What you have to do. Leaving out the pictures, return each line of the entries from the first through the line with "Photo of Bottle", and only those lines.

Brief descriptive captions:
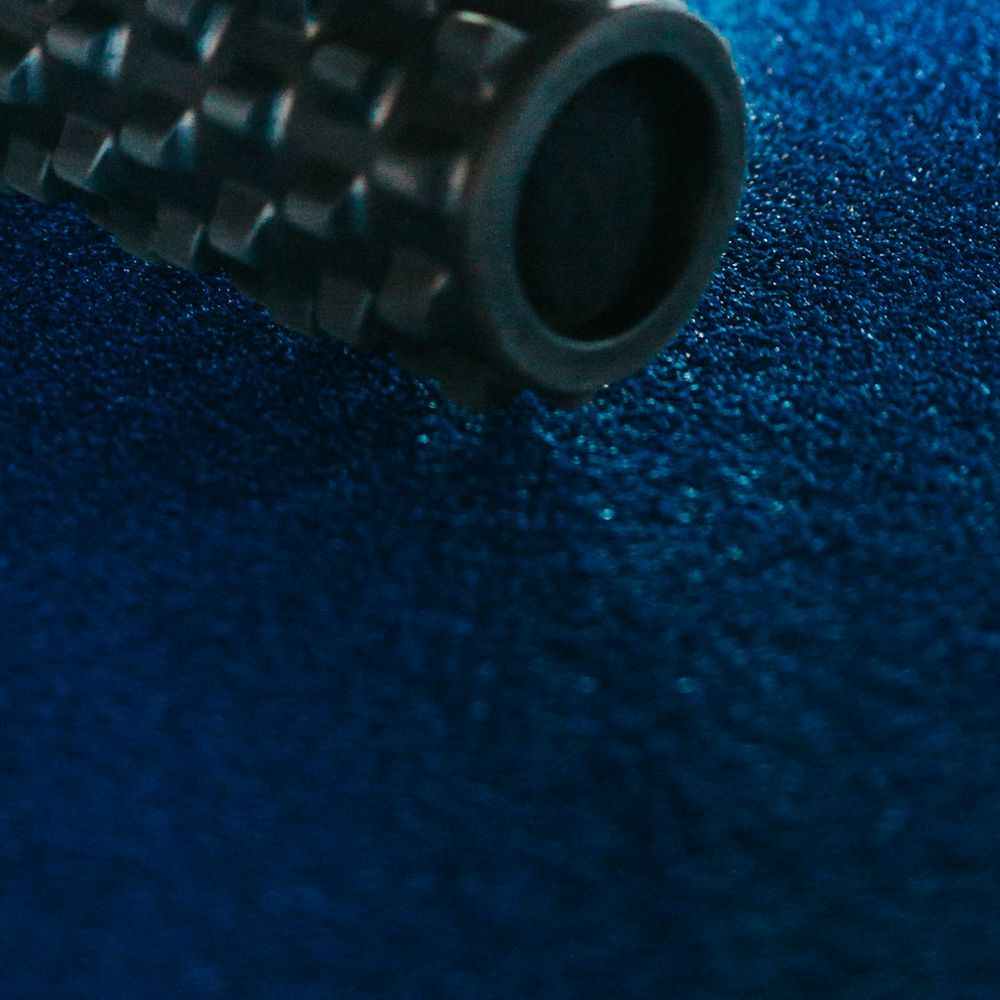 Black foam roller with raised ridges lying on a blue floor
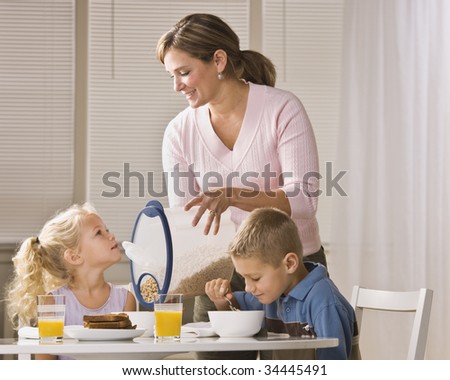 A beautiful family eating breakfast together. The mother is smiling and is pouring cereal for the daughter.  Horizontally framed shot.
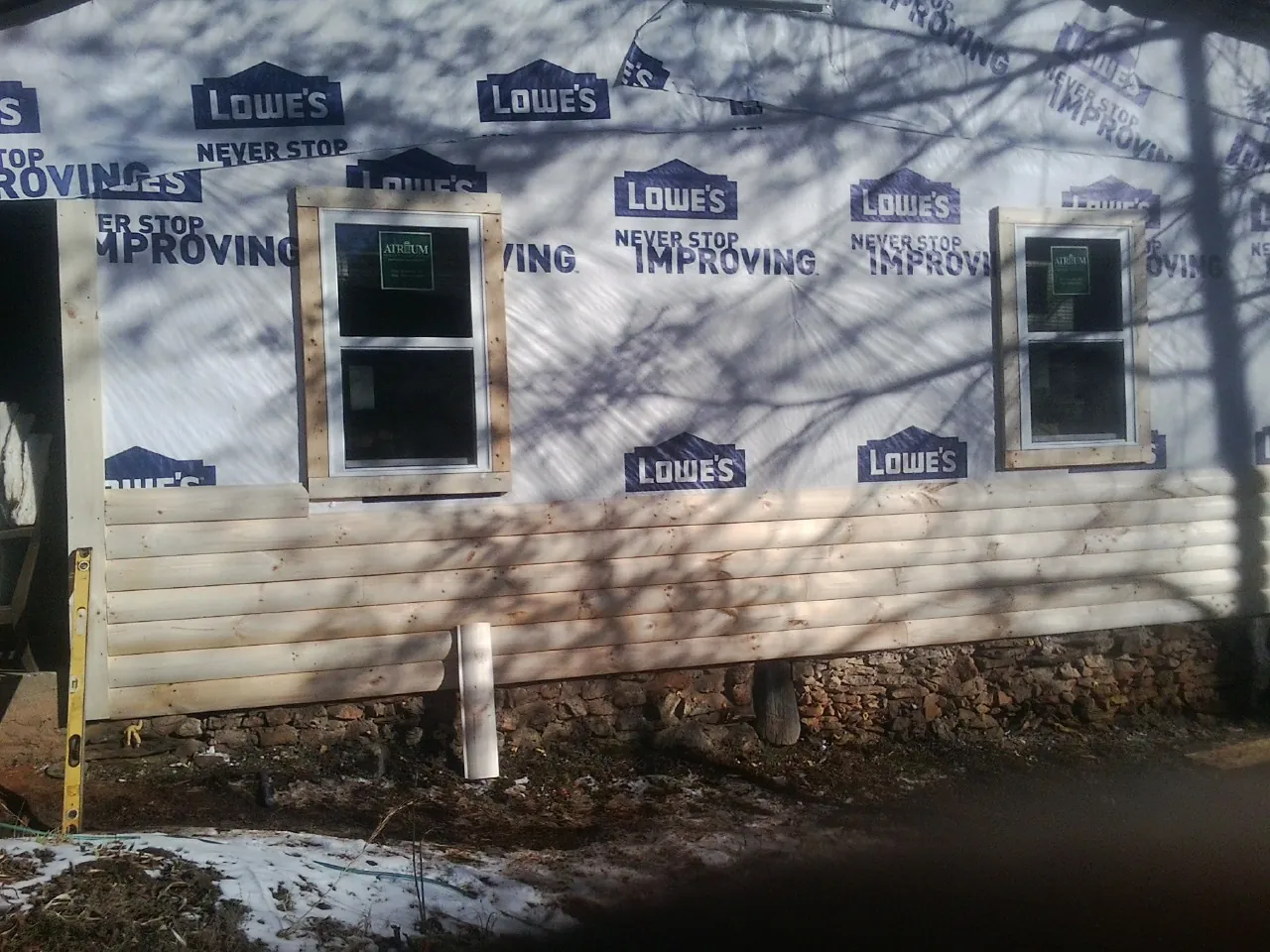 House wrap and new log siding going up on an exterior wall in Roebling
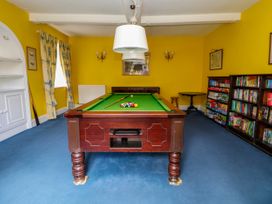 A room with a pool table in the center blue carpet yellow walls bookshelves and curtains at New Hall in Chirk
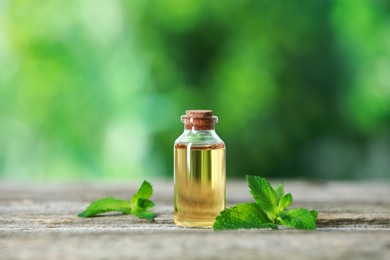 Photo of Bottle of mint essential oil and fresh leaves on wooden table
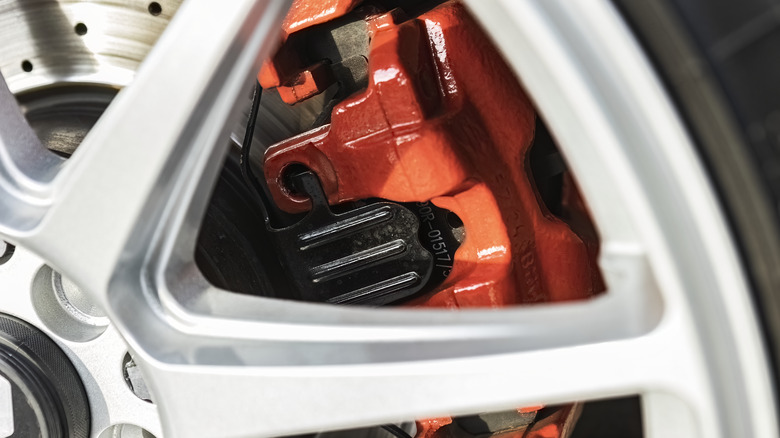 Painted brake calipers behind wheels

Problem solution.
 Black foam roller with raised ridges lying on a blue floor
 A beautiful family eating breakfast together. The mother is smiling and is pouring cereal for the daughter.  Horizontally framed shot.
 House wrap and new log siding going up on an exterior wall in Roebling
 A room with a pool table in the center blue carpet yellow walls bookshelves and curtains at New Hall in Chirk
 Photo of Bottle of mint essential oil and fresh leaves on wooden table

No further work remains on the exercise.